7 of 9 Bay Area Counties Now at Full Employment

Unemployment rates dropped from January to February in all nine Bay Area counties, one more sign that demand for local real estate should remain high as the busy spring buying season kicks into gear.helpwanted

The latest numbers from the California Employment Development Department put February’s unemployment rate at 5 percent or less in seven Bay Area counties on a nonseasonally adjusted basis. Generally speaking, economists believe that an unemployment rate of 5 percent or less indicates full employment, meaning that everyone who wants a job can find one.

San Mateo County had the lowest unemployment rate in California in February, at 3.5 percent, followed by Marin (3.7 percent) and San Francisco (3.8 percent) counties. Those three western Bay Area counties were the only ones in the state to post unemployment rates below 4 percent. Santa Clara County ranked No. 4 in the state for fewest unemployed residents: 4.3 percent. Jobless claims dipped to 4.9 percent in Sonoma County, 5.0 percent in Alameda and Napa counties, and 5.3 percent in Contra Costa County.

Nationwide, jobless claims fell to 5.5 percent, leading some government officials to speculate that the U.S. has already reached full employment, The Wall Street Journal recently reported.

Across California, the unemployment rate dipped to 6.7 percent on a seasonally adjusted basis in February, moving below the 7 percent mark for the first time since May 2008, according to historical data from the EDD. The state’s unemployment rate peaked in December 2009, when it reached 12.3 percent, and it remained in the double-digit range for most of the following three years.

The Bay Area’s high-flying job market is driving the Golden State’s economic recovery.
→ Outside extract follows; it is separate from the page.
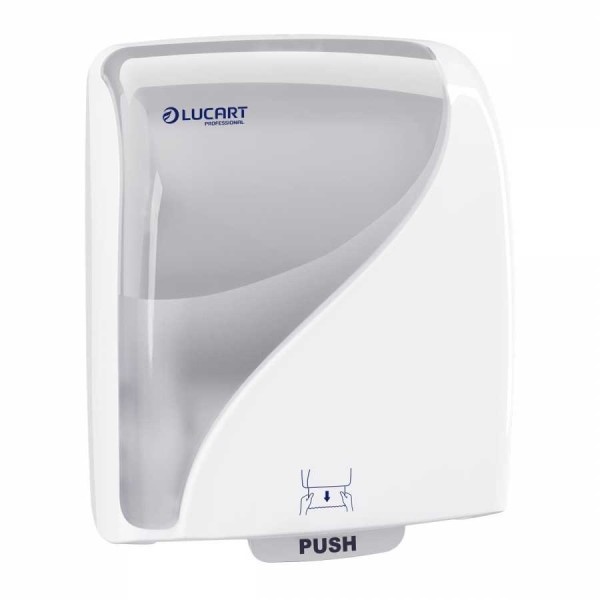 Essuies-mains autocut 2 plis Econatural 155m - Identity - LOT DE 2 Cartons de 6 + 1 distributeur Offert Essuie mains et distributeur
According to a report from the Center for Continuing Study of the California Economy, the state led the nation in job growth last year, adding 498,000 positions for the 12-month period ended January 2015. Stephen Levy, the organization’s director and senior economist, wrote that the California economy should continue to expand over the next two years, thanks to record amounts of venture-capital funding, tech sector growth, exports, and tourism.

The EDD says the construction industry was the fastest growing industry in California, with jobs up 6.5 percent from February 2014. That can only be good news for inventory-starved spots like the Bay Area, where eager homebuyers are moving fast on new units in places like the San Francisco Shipyard, which sold out its initial offering last month.